Observe-se que Freire acredita ser necessário que o aluno aprenda o chamado padrão culto da língua, mas, obviamente, não porque tal padrão linguístico se constitua uma variante intrinsecamente melhor do que as variantes linguísticas populares, mas porque tal aprendizado – ele esclarece na sequência – é necessário para que se “diminuam as desvantagens na luta pela vida” e para que se ganhe “um instrumento fundamental para a briga necessária contra as injustiças e as discriminações de que são alvo”. É possível que um crítico avesso aos discursos progressistas discorde dos motivos por que Freire vê como necessário o ensino-aprendizagem da língua portuguesa padrão, mas não poderá afirmar que ele é contrário ao ensino desse tipo de conteúdo na escola. Ademais, é preciso que se diga que as declarações de Freire tanto sobre o padrão culto quanto sobre as variantes populares da língua estão corretas do ponto de vista científico. Apesar de ir de encontro ao senso comum – e frequentemente é isso o que a Ciência faz –, não há dúvidas de que atribuir determinado valor a uma variante linguística deve-se a um fenômeno estritamente social e não a alguma razão natural. Não há quaisquer características inerentes a uma determinada variante que a torne naturalmente mais correta que as demais, obrigando-nos a prestigiá-la em detrimento das outras. O assunto é denso e não cabe nessa breve resenha, mas recomendo a quem tiver interesse no aprofundamento dessa discussão a leitura das várias publicações de respeitados linguistas como Carlos Alberto Faraco, Carlos Franchi, Luiz Antonio Marcuschi ou Marcos Bagno.

Outro tema interessante abordado em “Professora sim; tia, não” é a defesa à liberdade em oposição ao autoritarismo e à licenciosidade. Muitos pretensos críticos da obra de Freire acusam-no de ter retirado a autoridade do professor e incentivado a rebeldia dos alunos. Nada mais longe da verdade. O esclarecimento desse ponto pode ser vislumbrado em obras anteriores como “Pedagogia da autonomia” e “Pedagogia da esperança”, mas aqui Freire vê mais uma oportunidade para ratificar seu pensamento. Leia:

“A educadora democrática, só por ser democrática, não pode assumir sozinha a vida de sua classe, não pode, em nome da democracia, fugir à sua responsabilidade de tomar decisões. O que não pode é ser arbitrária nas decisões que toma. O testemunho, enquanto autoridade de não assumir o seu dever, deixando-se tombar na licenciosidade é certamente mais funesto do que o de extrapolar os limites de sua autoridade.”

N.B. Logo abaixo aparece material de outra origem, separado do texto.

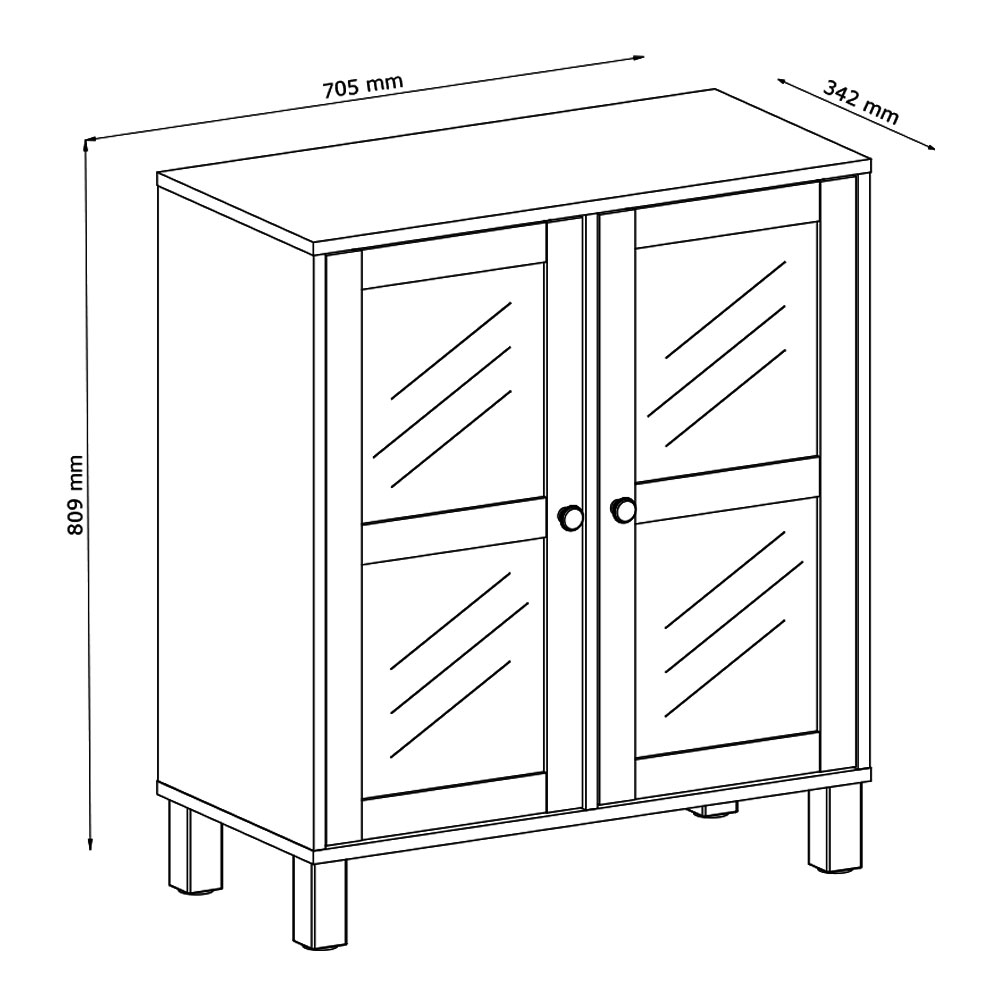 Dimensions image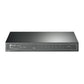 TP-Link Omada 8-Port Gigabit Smart Switch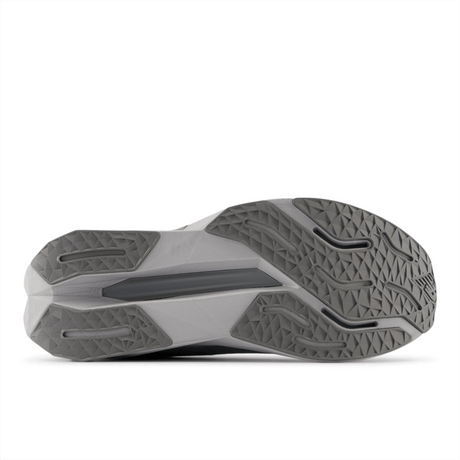 New Balance Men's FuelCell Propel V5 Running Shoe - MFCPRLG5 Mens Footwear Training & Running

Nada mais esclarecedor. Freire, reiteradamente em sua obra – e esse livro não foge à regra –, opõe-se ao autoritarismo do professor na sua atuação em sala de aula, mas defende que esse mesmo professor assuma sua autoridade. Ele não deve agir como se fosse um deus todo-poderoso (a expressão “todo poderoso” aparece no livro), cujas decisões são inquestionáveis, mas não deve, da mesma forma, permitir o vale-tudo em sala, a falta de disciplina, a atitude licenciosa. Para ele, a licenciosidade é algo ainda pior que o próprio autoritarismo. Algo similar é dito em “Pedagogia da esperança”.

Recomendo a leitura integral do livro para quem pretende entender o pensamento de Freire e, talvez, desfazer certos equívocos produzidos por leituras parciais e superficiais de suas obras. Recomendo sobretudo para quem se vê em um lado antagônico do autor. Na verdade, esse convite o próprio Freire faz:

“[...] é sempre bom ler textos que defendem posições políticas diametralmente opostas às nossas. Em primeiro lugar, ao fazê-lo, vamos aprendendo a ser menos sectários, mais radicais, mais abertos; em segundo lugar, terminamos por descobrir que aprendemos também não apenas com o diferente de nós mas até com o nosso antagônico”.

Por fim, só posso dizer que tenho aprendido a ser menos sectário com Freire e certamente tenho aprendido muito com os meus antagônicos. Foram eles que me levaram à leitura dos livros do mais importante autor de Educação do nosso país.